Fetching with Retries

Table of Contents

AsyncIO - This article is part of a series.

Part 1: Understanding AsyncIO by Code

Part 2: Understanding AsyncIO by Examples

Part 3: Learn AsyncIO by Practices

Part 6: About Concurrent.futures()

Part 7: This Article

Here’s a practical example to show how to fetch multiple pages of JSON from an API.

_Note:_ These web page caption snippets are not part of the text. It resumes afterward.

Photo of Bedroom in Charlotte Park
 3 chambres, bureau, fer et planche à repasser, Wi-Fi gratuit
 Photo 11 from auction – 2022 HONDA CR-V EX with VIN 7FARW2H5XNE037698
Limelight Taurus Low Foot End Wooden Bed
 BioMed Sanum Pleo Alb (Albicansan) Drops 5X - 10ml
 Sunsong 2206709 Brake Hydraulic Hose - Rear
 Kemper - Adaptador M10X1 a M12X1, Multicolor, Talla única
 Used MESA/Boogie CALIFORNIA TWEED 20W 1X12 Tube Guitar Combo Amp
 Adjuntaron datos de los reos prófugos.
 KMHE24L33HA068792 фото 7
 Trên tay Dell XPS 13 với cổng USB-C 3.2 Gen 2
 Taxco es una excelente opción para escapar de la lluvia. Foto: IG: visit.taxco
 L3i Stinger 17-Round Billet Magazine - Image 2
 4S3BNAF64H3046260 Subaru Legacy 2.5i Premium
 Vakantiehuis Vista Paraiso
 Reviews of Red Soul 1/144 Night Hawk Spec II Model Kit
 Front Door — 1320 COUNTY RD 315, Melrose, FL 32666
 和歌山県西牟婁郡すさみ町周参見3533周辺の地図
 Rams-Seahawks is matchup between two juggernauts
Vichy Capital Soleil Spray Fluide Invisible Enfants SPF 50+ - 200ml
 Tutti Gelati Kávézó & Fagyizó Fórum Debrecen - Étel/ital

It can retries if there is HTTP request (network) error or hitting rate limitation.

Pseudo Code
#

The code snippets here combine the following:

Fetches pages asynchronously with asyncio.
Uses HTTP/2 instead of HTTP/1.1 with httpx module.
Uses HTTP connection pooling (with client()) for better efficiency in using of network resources. It will reuse the underlying TCP connection instead of recreating one for every request.
Uses semaphore to limit the conncurrent connections at a time.
Retries the fetching (via recursive call) if there is network error (HTTPRequestError).
Delay and retries the fetching (via recursive call) if there is rate limit error (HTTPStatusError 429).
Track the progress and % of successful fetched pages.
Once completed, it will check status code (in the HTTP response) to ensure all pages are return correctly (HTTP 200).

Code Snippets
#

#!/usr/bin/env python3
# -*- coding: utf-8 -*-

from rich import print as rprint
import httpx
import asyncio

http200 = 0
retries = 0
pages = 0

def try_again(headers):
    try:
        return int(headers.get('Retry-After',0))
    except ValueError:
        return None

async def fetching(client,url,sem):
    global http200
    global retries
    global pages
    backoff = 0.2
    total = pages

    try:
        async with sem:
            resp = await client.get(url)
            resp.raise_for_status()

    except httpx.RequestError:
        await asyncio.sleep(backoff)
        return await fetching(client,url,sem) # Return the result of the retry

    except httpx.HTTPStatusError as err:
        if err.response.status_code == 429:
            retry_after = try_again(err.response.headers)
            if retry_after:
                rprint(f' [-] Rate limit reached for {url}. Waiting {retry_after} before retry...')
                await asyncio.sleep(retry_after + backoff)
            else:
                rprint(f' [-] Waiting {backoff} before retry...')
                await asyncio.sleep(backoff)
            retries += 1
            backoff *= 2
            return await fetching(client,url,sem) # Return the result of the retry
        else:
            rprint(f' [!] [{resp.status_code}] {url}')

    else:
        if resp and resp.status_code == 200:
            http200 += 1
            rprint(f' [[green]{resp.status_code}[/green]]  [ [magenta]{http200}/{total}[/magenta] ({http200/total*100:.2f}%) ]')
            return resp


async def main(links):
    limit = 5
    sem = asyncio.Semaphore(limit)
    hdrs = { 'accept': 'application/json', 'content-type': 'application/json' }

    async with httpx.AsyncClient(headers=hdrs, http2=True) as client:
        tasks = [ fetching(client,link,sem) for link in links ]
        responses = await asyncio.gather(*tasks)

    print(f'')
    fail = 1 if any(r is None or r.status_code != 200 for r in responses) else 0

    if not fail:
        print(f'All [{len(responses)} responses] are OK.')
        print(responses)
    else:
        print(f'Errors: Not all {responses} are OK.')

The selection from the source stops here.